For an industry that always could count on bipartisan support, 2013 brought home the reality that those days are over, at least until the military is sent to fight another war.
The passage of the Bipartisan Budget Act of 2013 has given the defense sector a temporary reprieve. After turbulent cycles in 2012 and 2013, federal appropriations in 2014 and 2015 will stay relatively flat, and Congress is signaling that it will not allow the government to be shut down by acts of brinkmanship.
For the Pentagon, the future looks a bit brighter now than it did before Dec. 10. Instead of facing a 6 percent drop in 2014, the budget bill trims 2014 spending by 1.2 percent from 2013. Under the agreement, the 2015 and 2016 budgets will drop slightly in real terms, although at about the same pace as every recent year other than the 2013 sequester cut, according to budget analyst Russell Rumbaugh, of the Stimson Center. From 2017 on, the Budget Control Act caps keep the defense budget in lockstep with projected inflation.
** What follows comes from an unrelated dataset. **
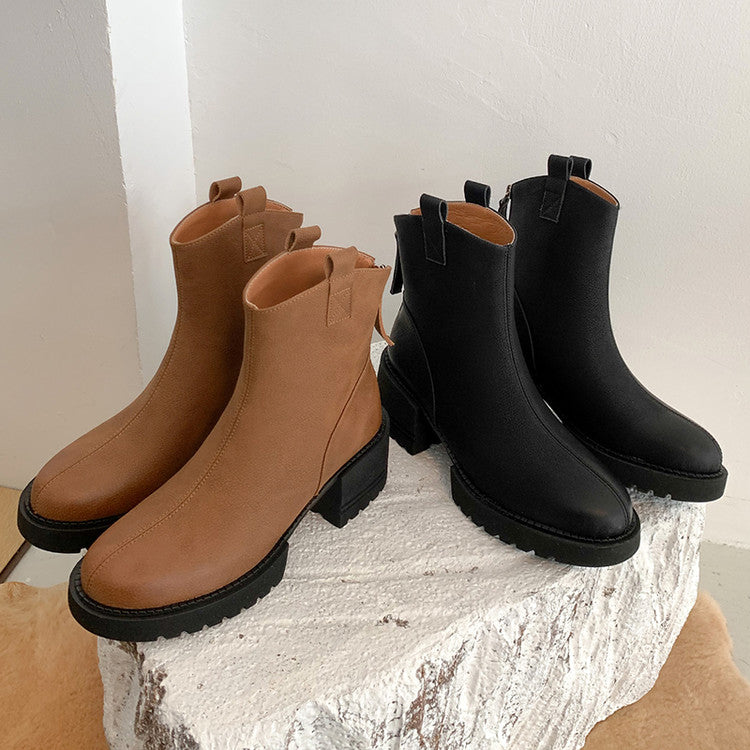 Karin Luna In Stock Versatile Round Toe Chunky Heel Ankle Boots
But any hope for the end of sequester must be buried. By all accounts, no sweeping budget agreement that would roll back sequestration is on the horizon, at least until the next administration. One of the key negotiators of the budget deal, Rep. Paul Ryan, R-Wisc., pointed out that 92 percent of the sequester will remain in place.
“The budget deal is only for two years and we still have seven more years of sequestration beyond that,” said Christian P. Marrone, vice president of national security and acquisition policy at the Aerospace Industries Association.
Some budget analysts have dubbed the deal a defeat for the Pentagon, considering that civilian and military leaders had been pleading for Congress to undo the sequester in its entirety.
In 2015, the Defense Department gets back $10 billion, but the $520.5 billion top line is still $40 billion less than the funding levels for which the Pentagon had been planning up until a year ago. Between now and Jan. 15, Congress has to pass a 2014 defense budget that is $30 billion less than the president’s request, noted Rob Levinson, senior defense analyst at Bloomberg Government. It has been more than a decade since lawmakers have had to put together a budget that cuts the president’s plan to that extent, Levinson said during a Dec. 17 Bloomberg webinar. The 2015 budget, he said, will provide the first signpost of the Pentagon’s strategic choices as it downsizes its ranks.
The Pentagon and its contractors now have some breathing room to plan for life after 2016. To be able to live within the Budget Control Act spending caps through 2023, the Defense Department civilian bureaucracy, the military services and the industry will have to be smaller and leaner than they are today. How precisely that will be done is still to be decided.
Return to Stability?
Military leaders have cautioned to not see the budget compromise as a cause for celebration, although they are grateful for any semblance of fiscal normalcy. The two-year agreement “does not eliminate the impact of sequestration,” said Air Force Chief of Staff Gen. Mark Welsh. “It will mitigate it for the first couple of years and maybe allow us to do a better job of staying ready as we transition to the new reality.”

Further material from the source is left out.